--- Work order ---
Print exactly the lines from the one containing "AVO staff getting" through the last line of the records below, both included, and nothing else; omit any pictures.

*** Opening of Entries shown ***

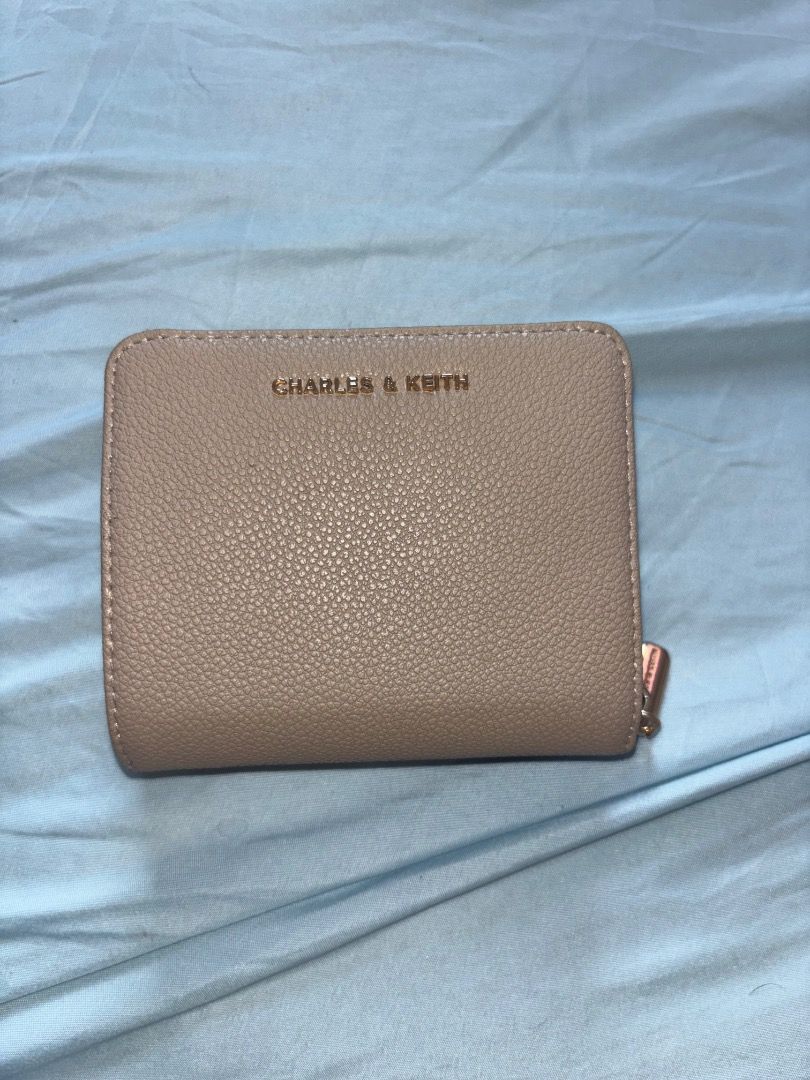 Charles & Keith Beige wallet (Category: Wallets & Card holders) located in Manila. Submitted by merr1031 (Listing ID 1470383505, Image 1). Description: This wallet is original. Bought from singapore trip, comes with the box. This is still negotiable :) : need funds .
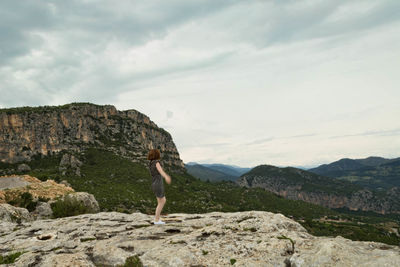 Full length of woman standing on cliff against mountains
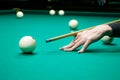 Female hand holds a cue for striking the white cue ball. Woman p Royalty Free Stock Photo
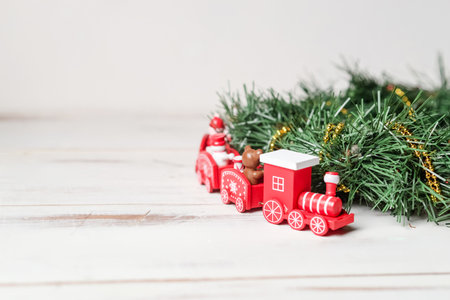 The concept of the coming new year, christmas. New Year's red train with a green branch on a white background.の写真素材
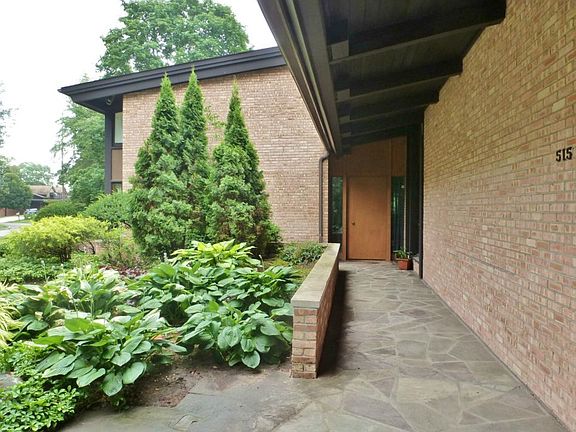 Covered front porch leading to the large entry door!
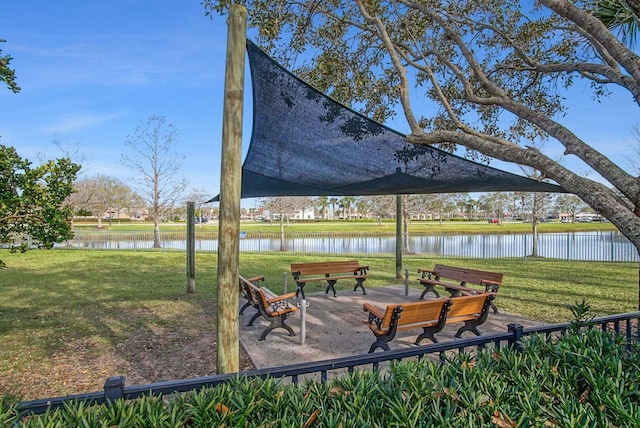 view of home's community with a water view and a lawn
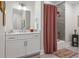Bathroom with white vanity and red shower curtain at 155 Wingo Way # 418, Mount Pleasant, SC 29464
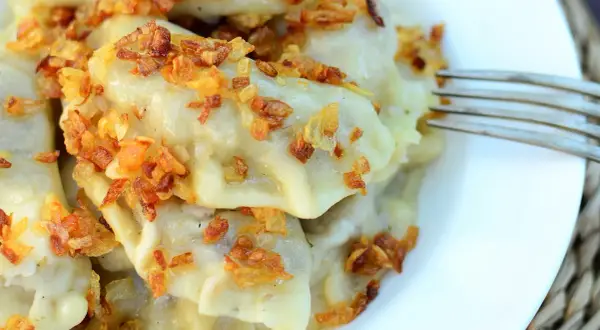 Pyszne pierogi z kaszą gryczaną i twarogiem, posypane chrupiącą cebulką. Idealne na obiad!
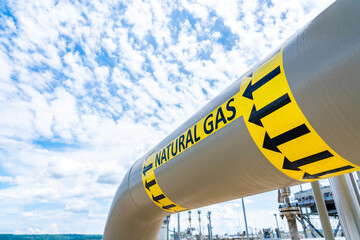 Natural gas pipeline with high pressure and direction sign at compressor station. Concept of energy...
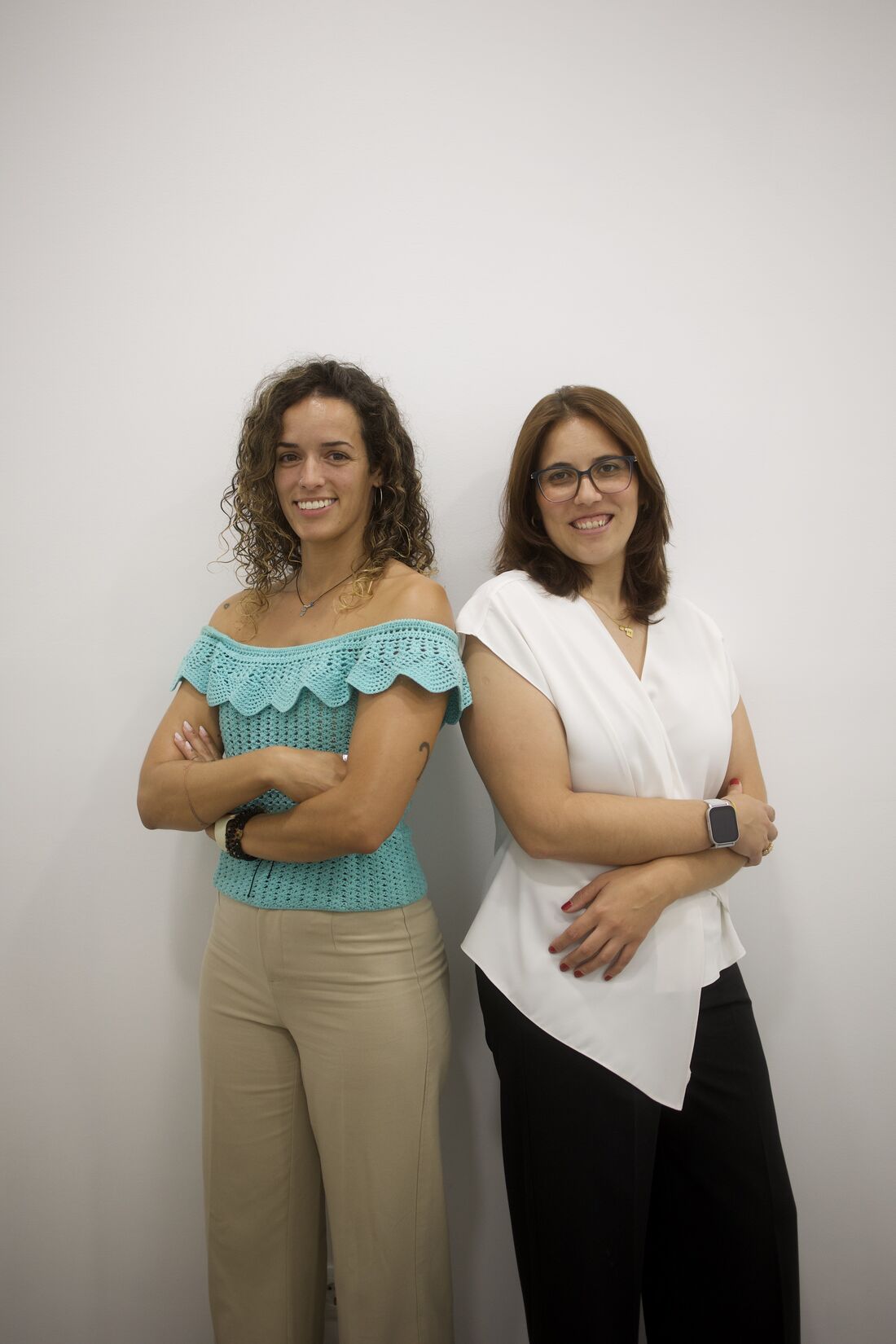 Duas colaboradoras junto à parede da Companhia da Saúde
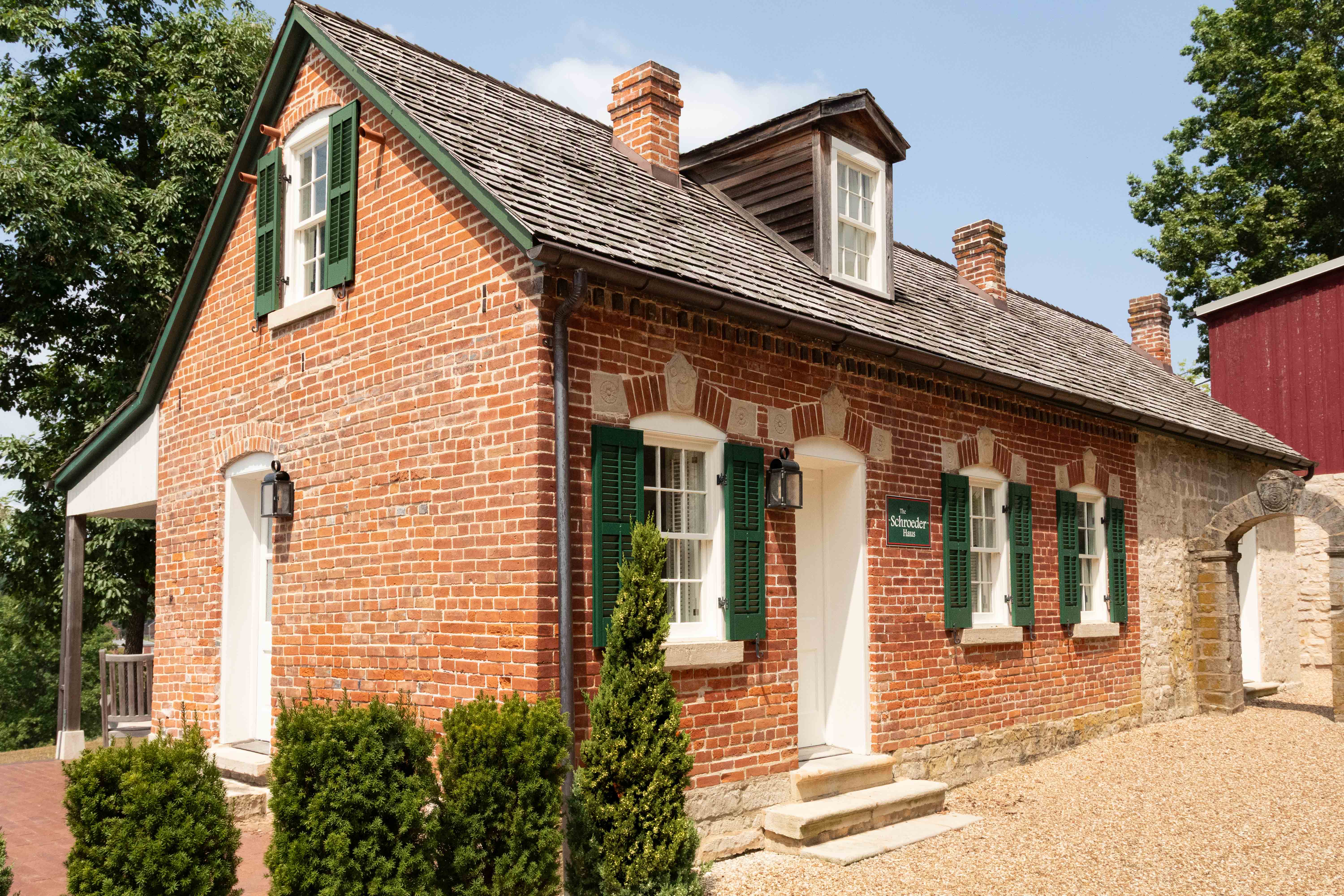A brick house with green shutters and a shingled roof surrounded by greenery.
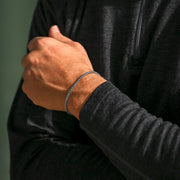 Wheat chain bracelet worn with a dark sweater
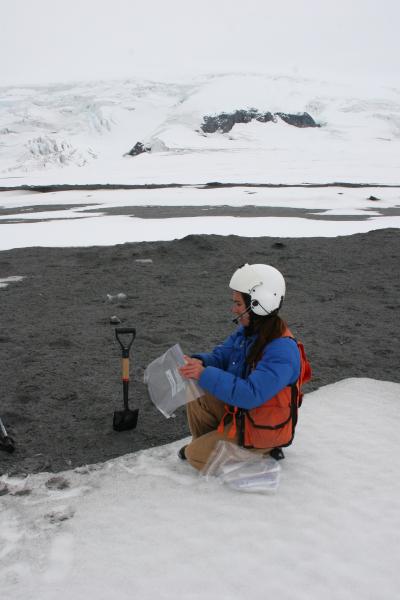 AVO staff getting ready to sample the thin debris flow deposit on the surface of the ice field north of Fourpeaked volcano.  The debris flow originated from a glacial outbreak flood caused by melting of summit glacial ice by volcanic processes on September 17, 2006. View is looking to the east, southeast.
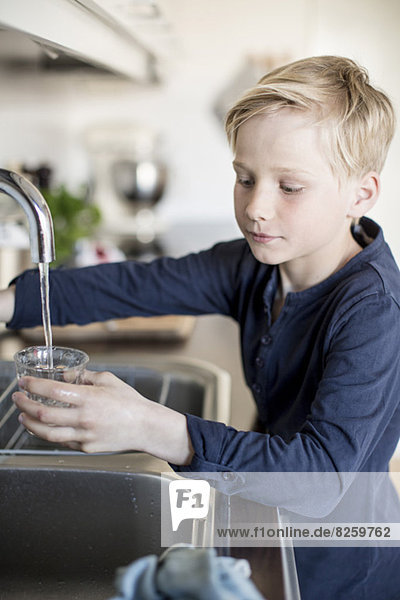 Junge füllt Wasser in Glas aus dem Wasserhahn in der Küche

*** Close of Entries shown ***

--- Result below ---
 AVO staff getting ready to sample the thin debris flow deposit on the surface of the ice field north of Fourpeaked volcano.  The debris flow originated from a glacial outbreak flood caused by melting of summit glacial ice by volcanic processes on September 17, 2006. View is looking to the east, southeast.
 Junge füllt Wasser in Glas aus dem Wasserhahn in der Küche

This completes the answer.